> **WHAT YOU ARE ASKED TO DO**
Reproduce precisely the lines of the listing below, starting with the line that contains "GMC Sierra 2500HD" and stopping after the line that contains "Không Có Đạo Lữ Sẽ Chết Chapter 74 trang 23"; include nothing else.

> **EXTRACTED MATERIAL**
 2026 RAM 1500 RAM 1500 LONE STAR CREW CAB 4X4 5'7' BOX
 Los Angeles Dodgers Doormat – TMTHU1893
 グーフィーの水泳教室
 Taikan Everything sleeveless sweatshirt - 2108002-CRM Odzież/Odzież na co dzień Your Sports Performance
--
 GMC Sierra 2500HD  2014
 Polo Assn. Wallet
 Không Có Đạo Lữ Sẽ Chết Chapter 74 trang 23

> **YOUR SOLUTION**
 GMC Sierra 2500HD  2014
 Polo Assn. Wallet
 Không Có Đạo Lữ Sẽ Chết Chapter 74 trang 23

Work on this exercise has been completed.